PROVIDED DATA:
━━━━━━━━

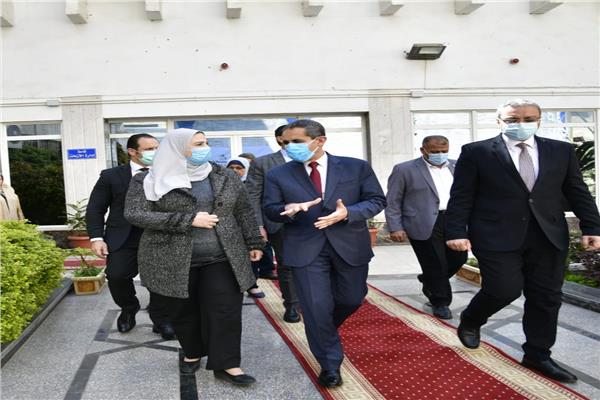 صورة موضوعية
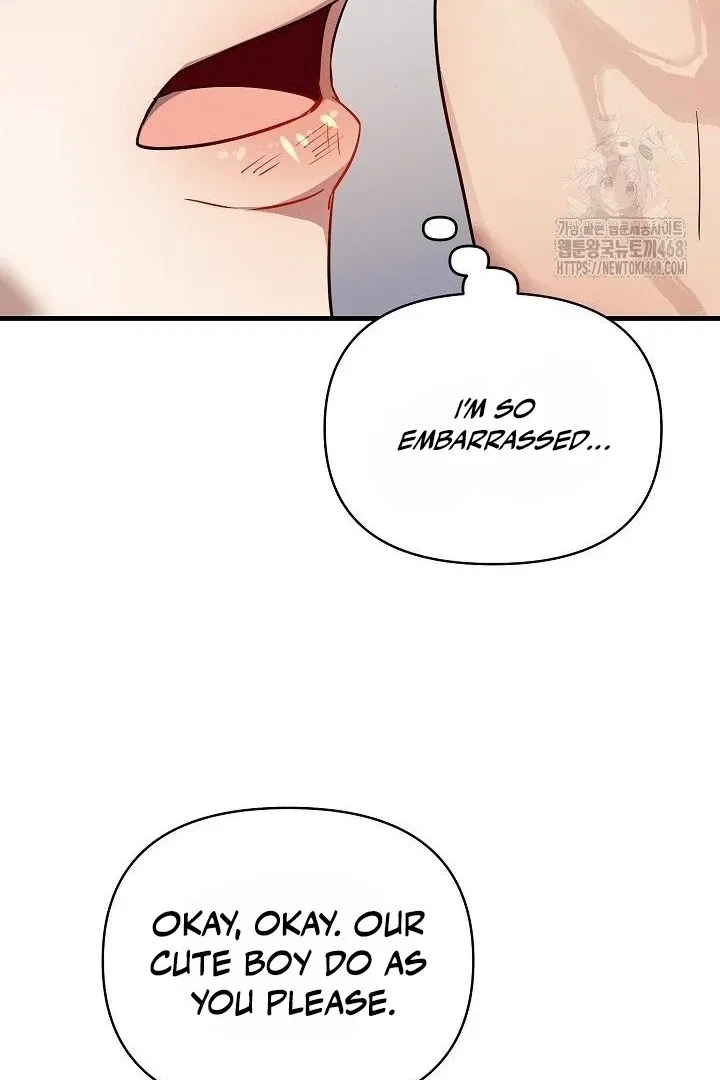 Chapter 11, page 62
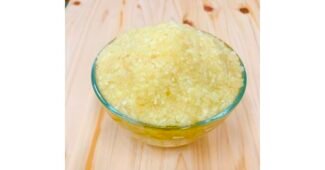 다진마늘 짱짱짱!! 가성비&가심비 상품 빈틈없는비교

━━━━━━━━

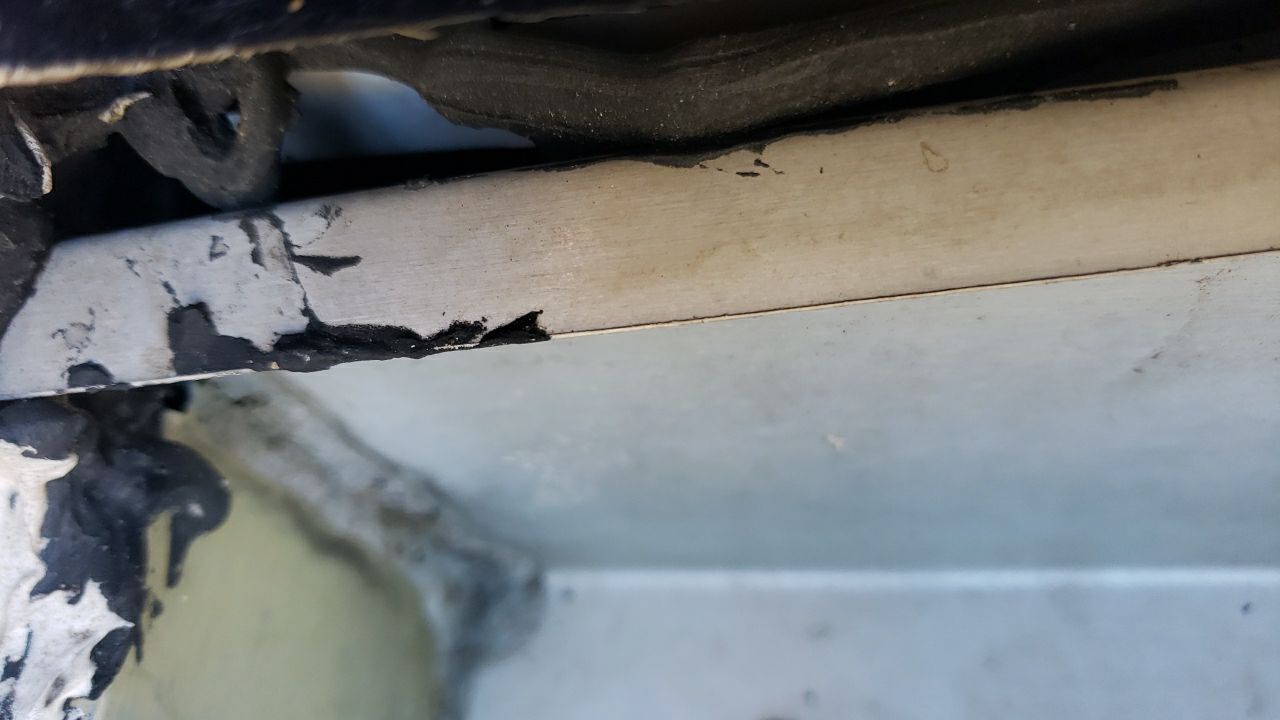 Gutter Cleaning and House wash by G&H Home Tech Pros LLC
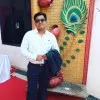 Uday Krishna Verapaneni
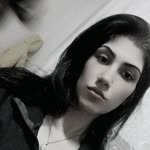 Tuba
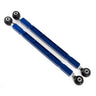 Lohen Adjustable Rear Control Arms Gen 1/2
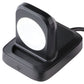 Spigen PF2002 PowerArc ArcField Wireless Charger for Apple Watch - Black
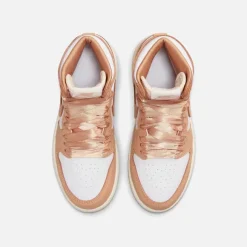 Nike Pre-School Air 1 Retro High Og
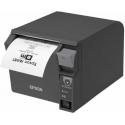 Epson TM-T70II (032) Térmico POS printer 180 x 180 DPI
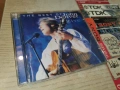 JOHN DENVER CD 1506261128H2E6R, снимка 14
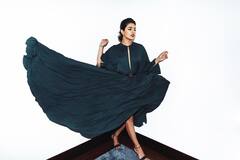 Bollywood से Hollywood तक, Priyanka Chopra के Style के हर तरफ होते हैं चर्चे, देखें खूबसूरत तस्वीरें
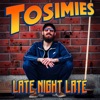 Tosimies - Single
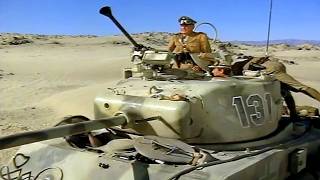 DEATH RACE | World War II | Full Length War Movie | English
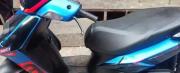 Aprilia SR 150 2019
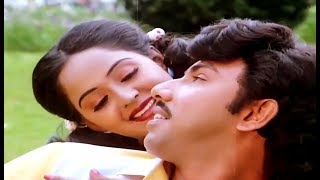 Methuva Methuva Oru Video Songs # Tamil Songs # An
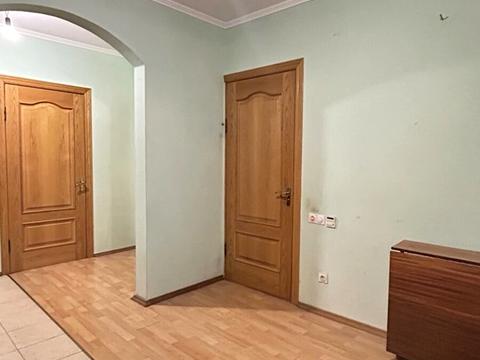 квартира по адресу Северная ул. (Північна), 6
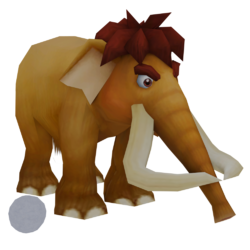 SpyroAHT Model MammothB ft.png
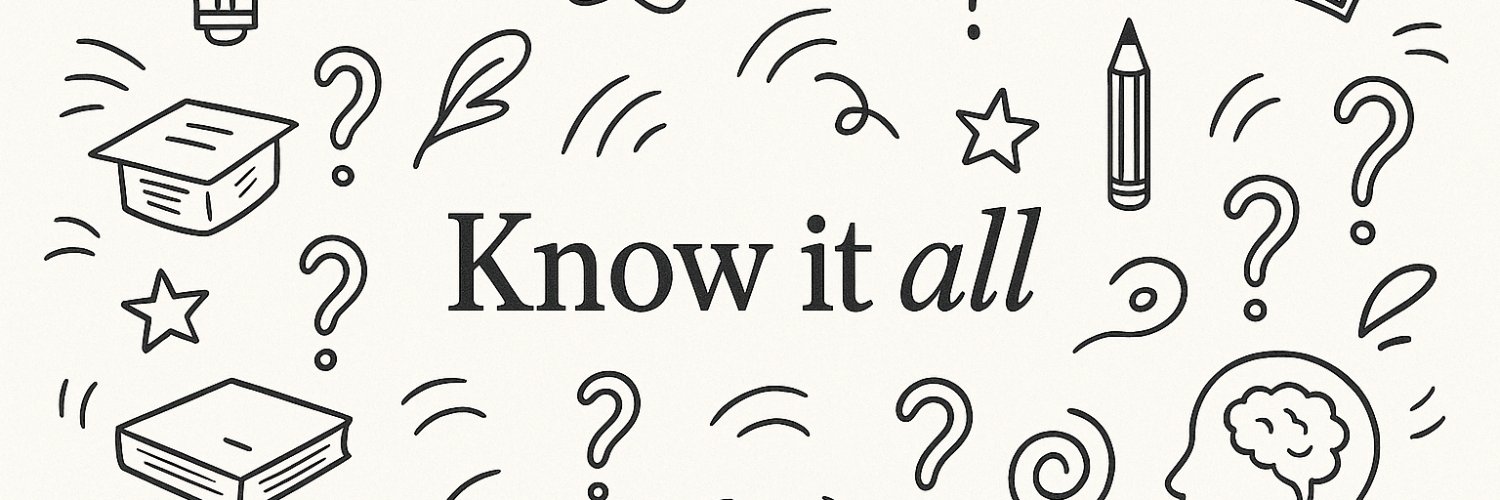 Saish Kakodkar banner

━━━━━━━━

TASK INSTRUCTIONS:
Look above and copy only the lines from the one holding "Epson TM-T70II (032)" to the one holding "Saish Kakodkar banner", both included, exactly, minus the pictures.

SOLUTION TO THE PROBLEM:
 Epson TM-T70II (032) Térmico POS printer 180 x 180 DPI
 JOHN DENVER CD 1506261128H2E6R, снимка 14
 Bollywood से Hollywood तक, Priyanka Chopra के Style के हर तरफ होते हैं चर्चे, देखें खूबसूरत तस्वीरें
 Tosimies - Single
 DEATH RACE | World War II | Full Length War Movie | English
 Aprilia SR 150 2019
 Methuva Methuva Oru Video Songs # Tamil Songs # An
 квартира по адресу Северная ул. (Північна), 6
 SpyroAHT Model MammothB ft.png
 Saish Kakodkar banner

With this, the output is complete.